Отказавшись от наркотиков и обретя способность мыслить ясно, Сэффрон впервые за несколько месяцев начала планировать свою жизнь после выписки из лечебницы. Она найдет работу, скорее всего, в магазине одежды и не станет встречаться ни с кем из своих старых знакомых, даже с Перегрином. Она начнет все с нуля, заведет новых друзей. Она извинится перед Маркусом и отблагодарит его за спасение ее жизни. (Когда Сэффрон узнала, что крестный выбил входную дверь, его образ героя стал еще ярче.)
Однажды она пригласила его на сеанс групповой семейной терапии, где друзья и родственники, приехавшие в «Бродвей-Лонж», выслушивали клятвы и обещания и высказывали собственные критические суждения. Она знала, что Маркус не приедет. Вместо него однажды воскресным днем появились Амариллис и майор Бинг. Они прибыли как раз к середине занятия, потому что задержались по дороге в одном из местных пабов. Глядя на неуверенную походку Виктора, Сэффрон подумала, что ему тоже не помешало бы подлечиться. Разумеется, Амариллис выглядела бесподобно. Она была в длинном фиолетовом пальто и несла в руках люльку со своим вторым ребенком — Лорканом. Лоркан, с яркими рыжими волосами и худощавым бледным лицом, был копией Ниола в миниатюре.
Во время занятия Амариллис сидела с отстраненным выражением лица, как будто наблюдала за школьной театральной постановкой, а не участвовала в лечении собственной дочери.

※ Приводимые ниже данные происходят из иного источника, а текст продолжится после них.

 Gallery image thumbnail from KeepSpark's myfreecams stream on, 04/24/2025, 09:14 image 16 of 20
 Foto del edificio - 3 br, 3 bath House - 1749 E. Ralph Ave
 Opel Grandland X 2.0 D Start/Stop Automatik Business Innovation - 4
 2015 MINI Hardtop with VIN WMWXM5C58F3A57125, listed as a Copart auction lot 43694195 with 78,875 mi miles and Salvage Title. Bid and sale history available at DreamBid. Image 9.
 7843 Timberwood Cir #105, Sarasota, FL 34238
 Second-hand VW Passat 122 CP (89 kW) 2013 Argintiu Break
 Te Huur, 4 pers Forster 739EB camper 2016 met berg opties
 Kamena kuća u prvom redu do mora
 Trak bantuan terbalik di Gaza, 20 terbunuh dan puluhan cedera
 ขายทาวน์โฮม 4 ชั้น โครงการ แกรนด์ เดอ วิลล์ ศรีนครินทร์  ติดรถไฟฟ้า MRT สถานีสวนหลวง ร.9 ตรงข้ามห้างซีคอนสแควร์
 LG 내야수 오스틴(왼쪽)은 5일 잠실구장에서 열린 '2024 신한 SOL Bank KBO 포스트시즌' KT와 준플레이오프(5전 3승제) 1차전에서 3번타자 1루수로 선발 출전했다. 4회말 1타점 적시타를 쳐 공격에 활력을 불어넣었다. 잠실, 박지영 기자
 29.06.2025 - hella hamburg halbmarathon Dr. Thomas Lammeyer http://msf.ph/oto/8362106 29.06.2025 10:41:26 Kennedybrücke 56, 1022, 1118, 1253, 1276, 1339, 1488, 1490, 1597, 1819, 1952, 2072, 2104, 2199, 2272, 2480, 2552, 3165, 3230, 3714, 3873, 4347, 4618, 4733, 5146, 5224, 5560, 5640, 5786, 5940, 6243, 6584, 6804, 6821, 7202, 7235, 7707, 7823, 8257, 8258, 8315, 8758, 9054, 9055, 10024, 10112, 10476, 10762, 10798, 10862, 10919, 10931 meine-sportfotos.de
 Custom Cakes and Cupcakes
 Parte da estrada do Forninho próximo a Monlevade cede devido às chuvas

Даже когда Сэффрон попросили зачитать длинный список бывших любовников матери и рассказать о том чувстве незащищенности, которое не покидало ее в детстве, Амариллис не обратила на это никакого внимания. Сэффрон было приятно, что мать приехала к ней, но еще лучше ей стало, когда та убралась восвояси. Казалось, Амариллис не понимала, почему ее дочери потребовалось лечение, и смотрела на все происходящее как на потворство чьим-то капризам.
— Когда тебе здесь надоест, — без особого энтузиазма сказала мать на прощание, — ты всегда можешь приехать к нам, в гостиницу. Виктор будет рад, если ты поможешь. Ему очень сложно управлять всем персоналом.
— Амариллис, я, наверное, вернусь в Лондон, — ответила ей Сэффрон. — Спасибо за предложение.
— Пожалуй, так будет лучше для всех нас, — согласилась Амариллис. — Если честно, я не уверена, что в гостинице дела пойдут как надо, — она со значением посмотрела в сторону Виктора. — Это не может продолжаться вечно…
— У тебя все в порядке? То есть с Лорканом, его воспитанием и так далее…
— Я жду удобного случая. Нельзя быть такой разборчивой, когда тебе уже почти сорок.
Глава 13. Декабрь 1979 года
Изрядно осунувшийся за последние три месяца Дерек Меррет шел в гости к дочери в ее новую квартиру. В доме не было лифта, поэтому ему пришлось на руках поднимать ее коробки с записями Кейт Буш и «АББы», магнитофон и колонки к нему, ящик с консервированными фруктами из сада в Доркинге, шоколадный торт и бутылку «Тио Пепе», которая служила подарком на новоселье.